## EXERCISE
Only an exact repetition of the lines from the one holding "高清大图下载【趣麦麦图】火焰中的狂怒公牛" to the end of the data is wanted, with pictures left out.

(Records from a data source)
---+---
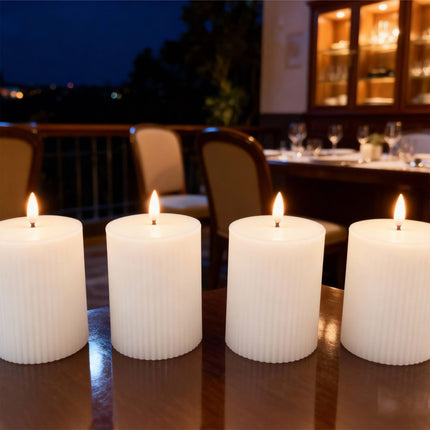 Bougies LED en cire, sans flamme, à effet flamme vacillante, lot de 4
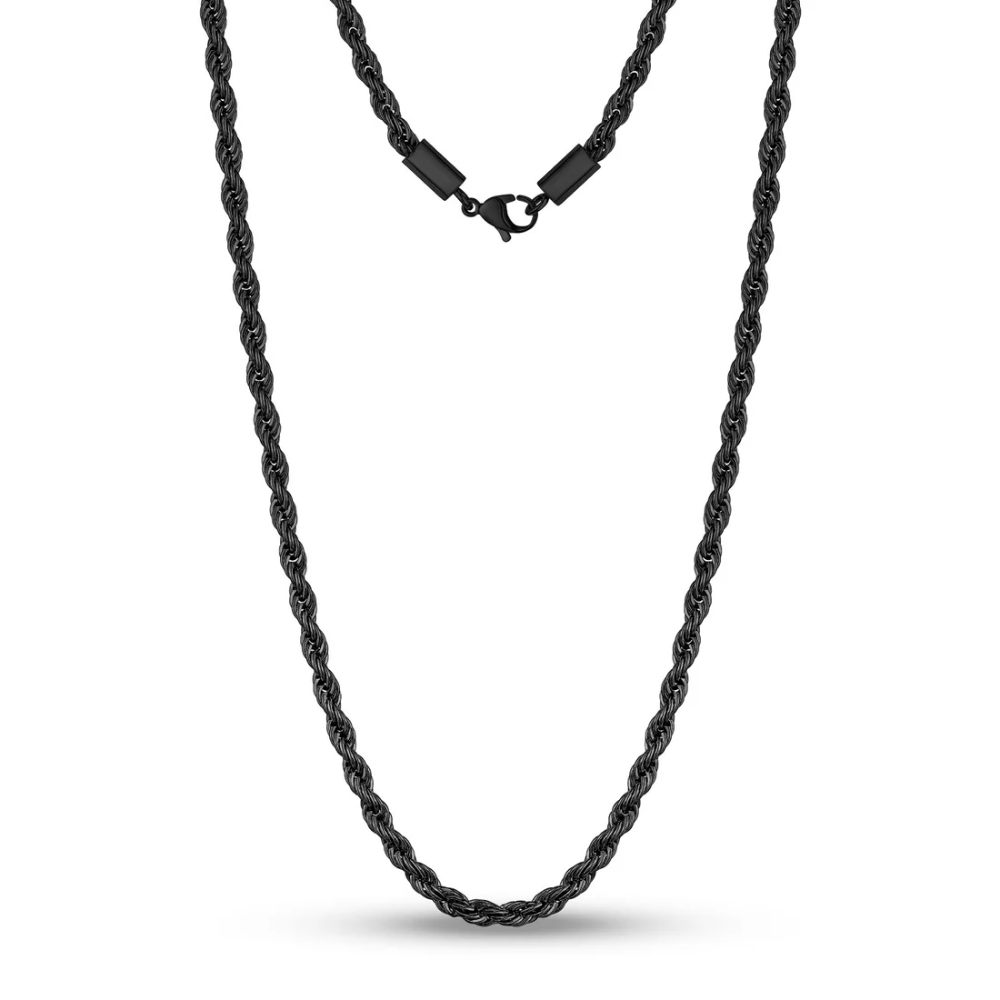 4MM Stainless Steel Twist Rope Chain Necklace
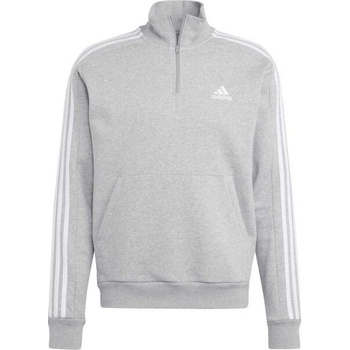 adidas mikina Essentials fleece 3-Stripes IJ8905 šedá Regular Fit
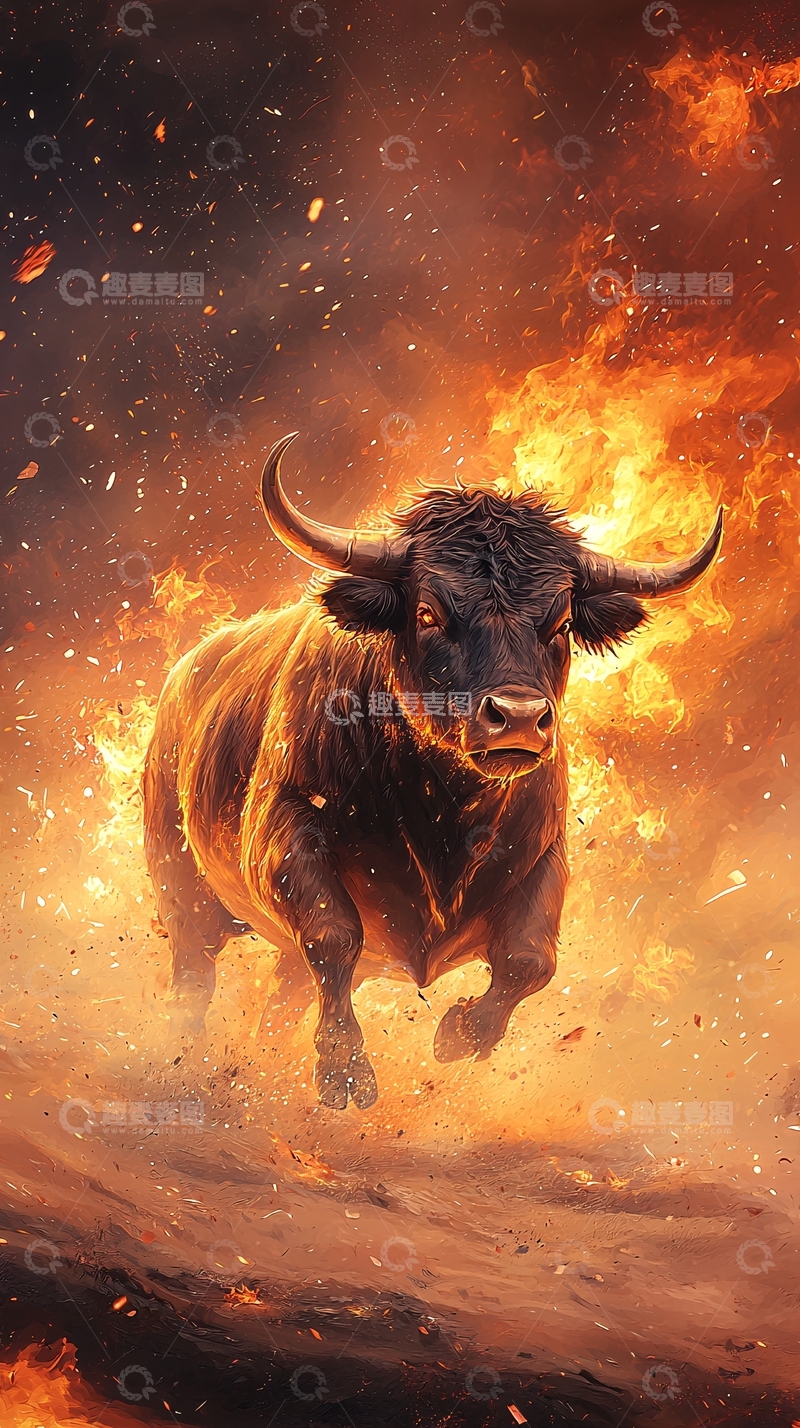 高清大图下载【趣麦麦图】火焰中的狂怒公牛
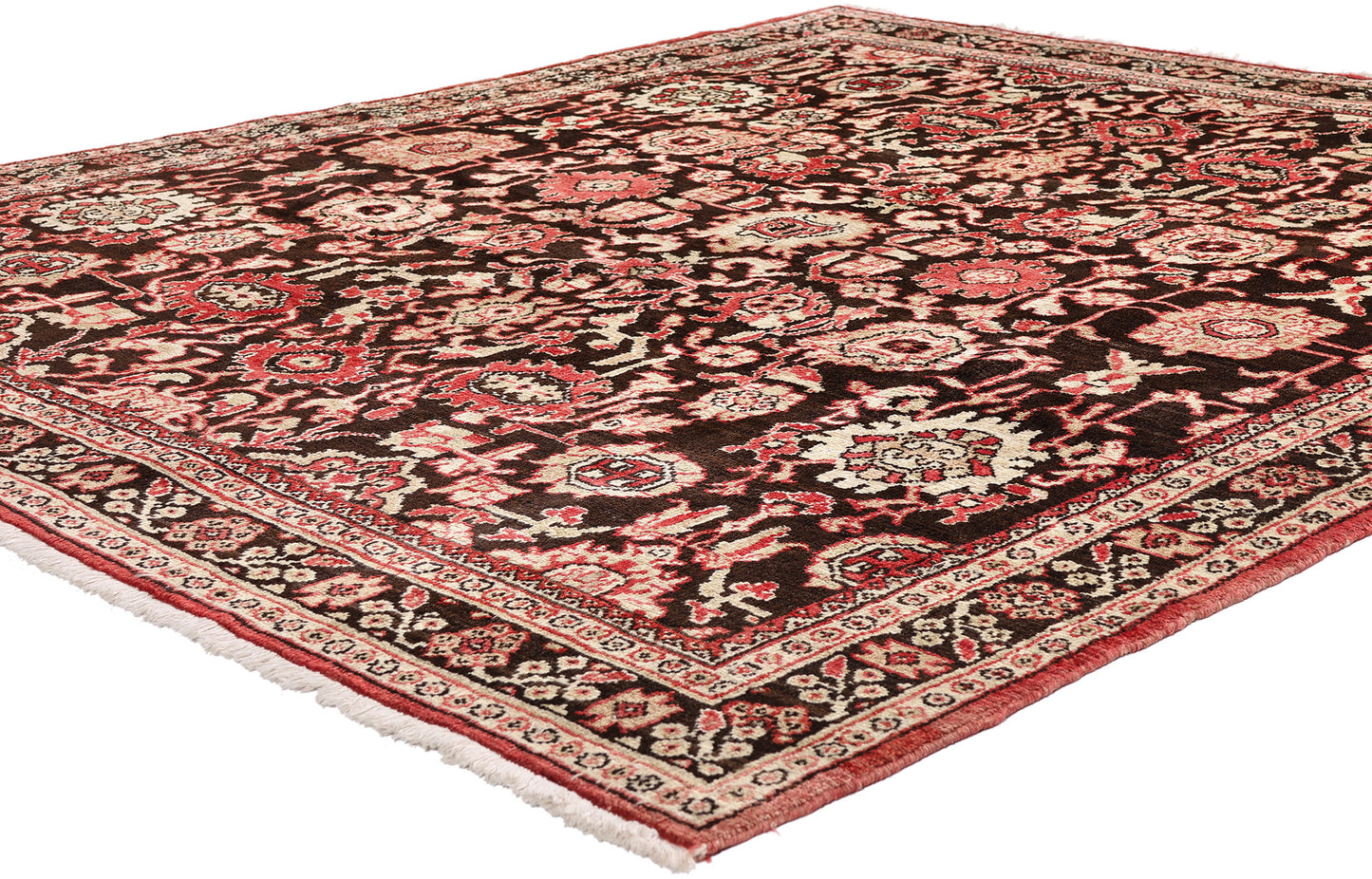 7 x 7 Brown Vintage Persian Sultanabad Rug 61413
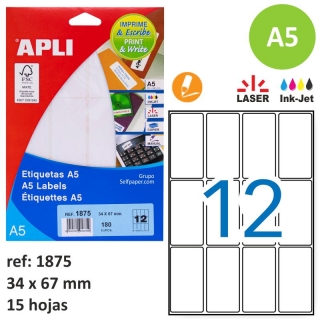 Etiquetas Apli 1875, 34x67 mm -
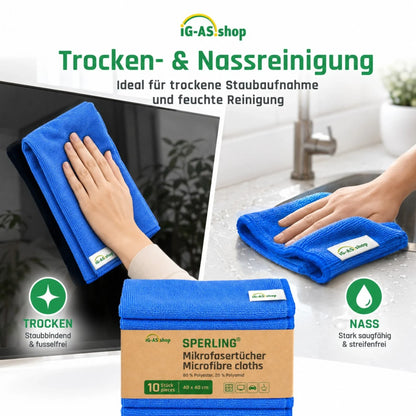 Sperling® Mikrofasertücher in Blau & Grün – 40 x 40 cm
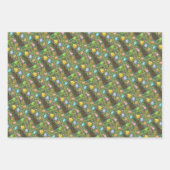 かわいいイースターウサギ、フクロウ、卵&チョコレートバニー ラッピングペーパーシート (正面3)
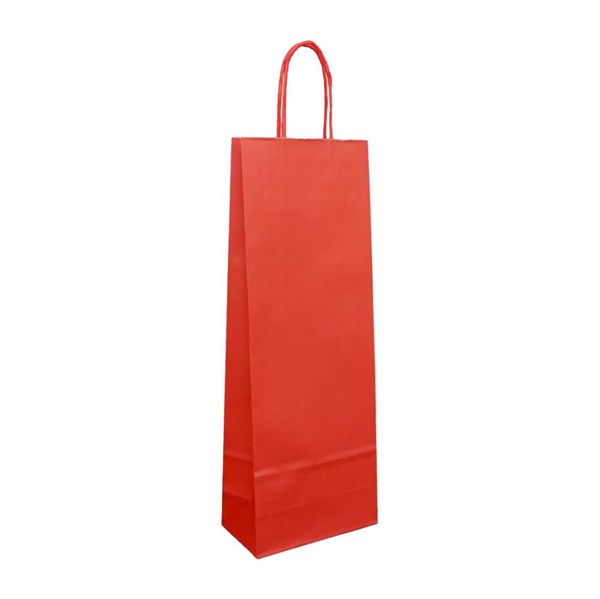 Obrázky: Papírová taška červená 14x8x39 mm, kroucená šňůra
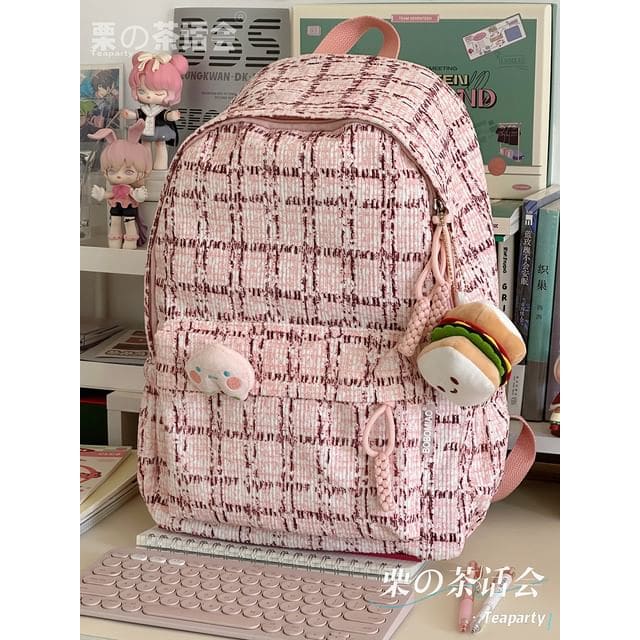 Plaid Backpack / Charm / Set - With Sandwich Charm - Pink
---+---
## RESPONSE BOX
 高清大图下载【趣麦麦图】火焰中的狂怒公牛
 7 x 7 Brown Vintage Persian Sultanabad Rug 61413
 Etiquetas Apli 1875, 34x67 mm -
 Sperling® Mikrofasertücher in Blau & Grün – 40 x 40 cm
 かわいいイースターウサギ、フクロウ、卵&チョコレートバニー ラッピングペーパーシート (正面3)
 Obrázky: Papírová taška červená 14x8x39 mm, kroucená šňůra
 Plaid Backpack / Charm / Set - With Sandwich Charm - Pink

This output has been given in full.